(INSTRUCTIONS FOR THE TASK):
All lines from the one containing "Sonny Bill Williams" through the last line of the listing should be given again exactly, with no pictures.

»»

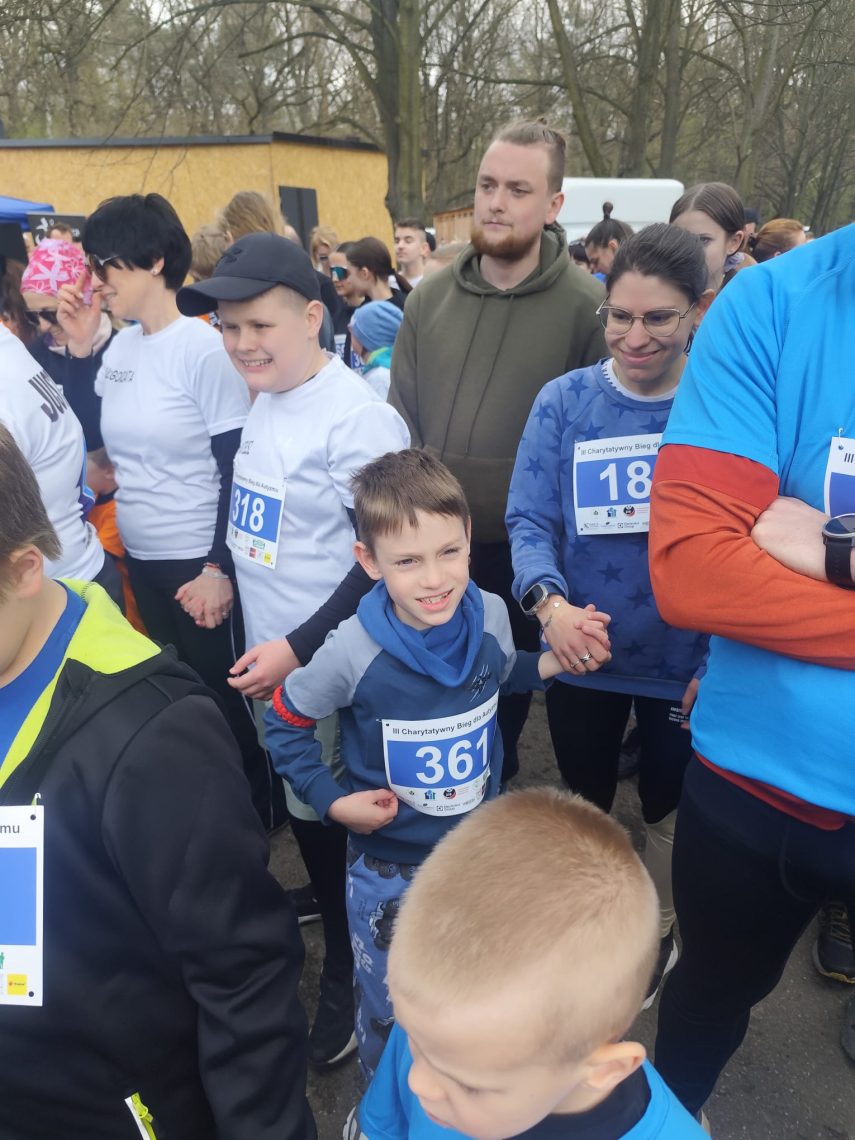 III Charytatywny Bieg dla Autyzmu w Zabrzu, zdjęcie 42 z 100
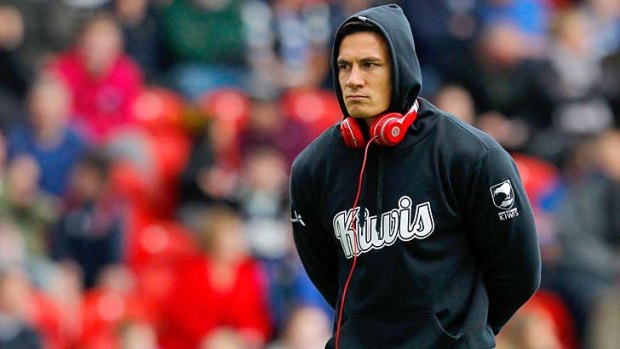 Sonny Bill Williams is the undoubted headline act of the Rugby League World Cup in Manchester.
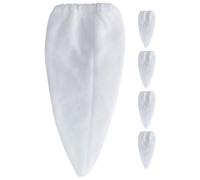 NIYANGLE Accessoire pour Aspirateur de Piscine 5pcs en Nylon Blanc, Filtre de Remplacement pour Nettoyage et Entretien des Piscines sans Outils Supplémentaires, pour Sandales Femme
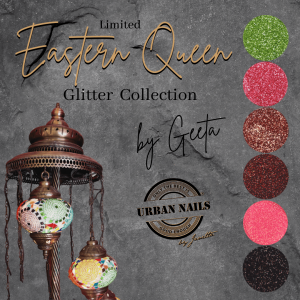 Urban Nails Eastern Queen by Geeta | Glitters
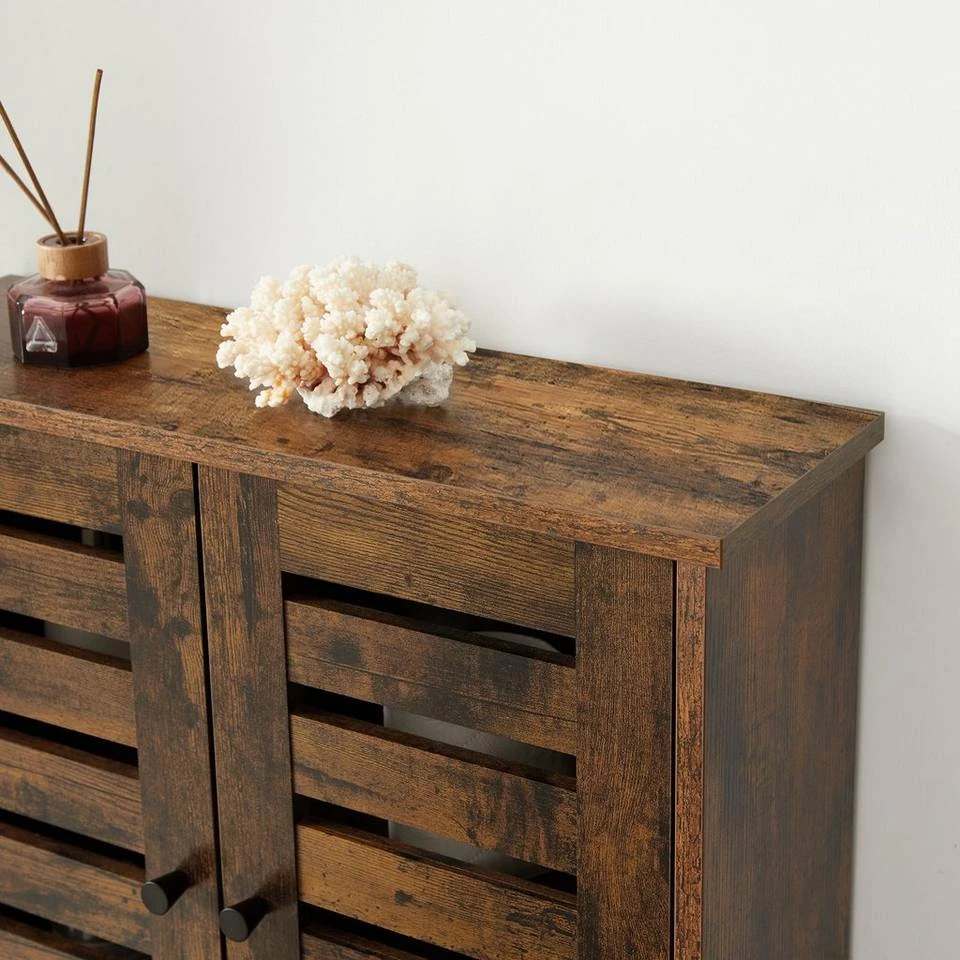 VASAGLE Hängeschrank »BBK121X01« Badezimmerschrank, Wandschrank, höhenverstellbarer Einlegeboden, 60 x 20 x 70 cm, vintage 7 VASAGLE Hängeschrank »BBK121X01« Badezimmerschrank, Wandschrank, höhenverstellbarer Einlegeboden, 60 x 20 x 70 cm, vintage – Bild 5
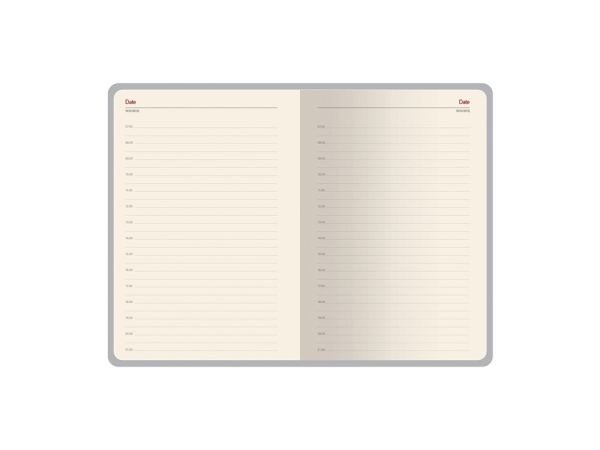 Ежедневник недатированный А5 "Lyon", синий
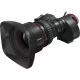 Canon CINE-SERVO 15-120mm / T2.95-3.9 Zoom Lens with 1.5 Extender (PL Mount) (CN8X15 KAS S/P1)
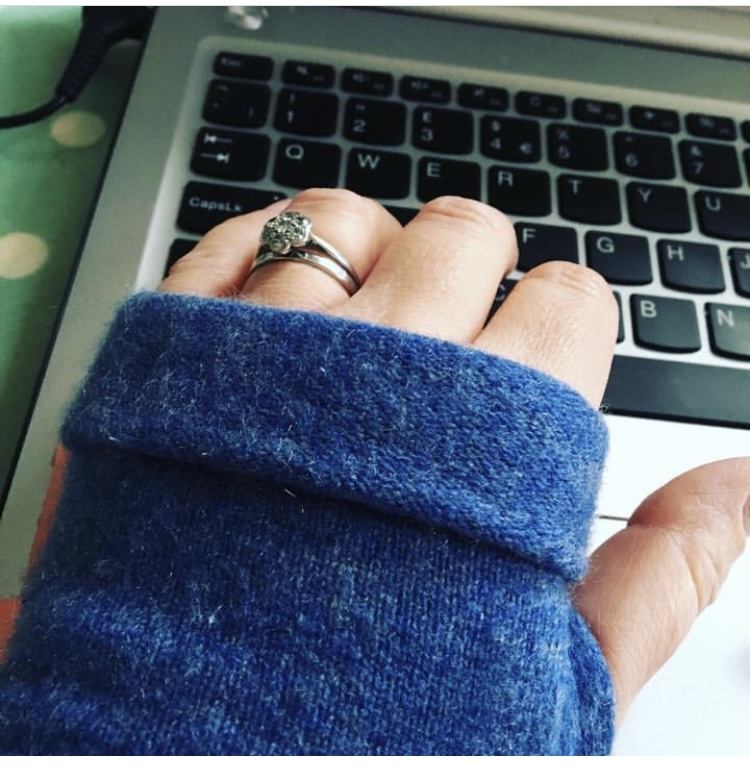 Turtle Doves Handwarmers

««

(SOLUTION TO THE EXERCISE):
 Sonny Bill Williams is the undoubted headline act of the Rugby League World Cup in Manchester.
 NIYANGLE Accessoire pour Aspirateur de Piscine 5pcs en Nylon Blanc, Filtre de Remplacement pour Nettoyage et Entretien des Piscines sans Outils Supplémentaires, pour Sandales Femme
 Urban Nails Eastern Queen by Geeta | Glitters
 VASAGLE Hängeschrank »BBK121X01« Badezimmerschrank, Wandschrank, höhenverstellbarer Einlegeboden, 60 x 20 x 70 cm, vintage 7 VASAGLE Hängeschrank »BBK121X01« Badezimmerschrank, Wandschrank, höhenverstellbarer Einlegeboden, 60 x 20 x 70 cm, vintage – Bild 5
 Ежедневник недатированный А5 "Lyon", синий
 Canon CINE-SERVO 15-120mm / T2.95-3.9 Zoom Lens with 1.5 Extender (PL Mount) (CN8X15 KAS S/P1)
 Turtle Doves Handwarmers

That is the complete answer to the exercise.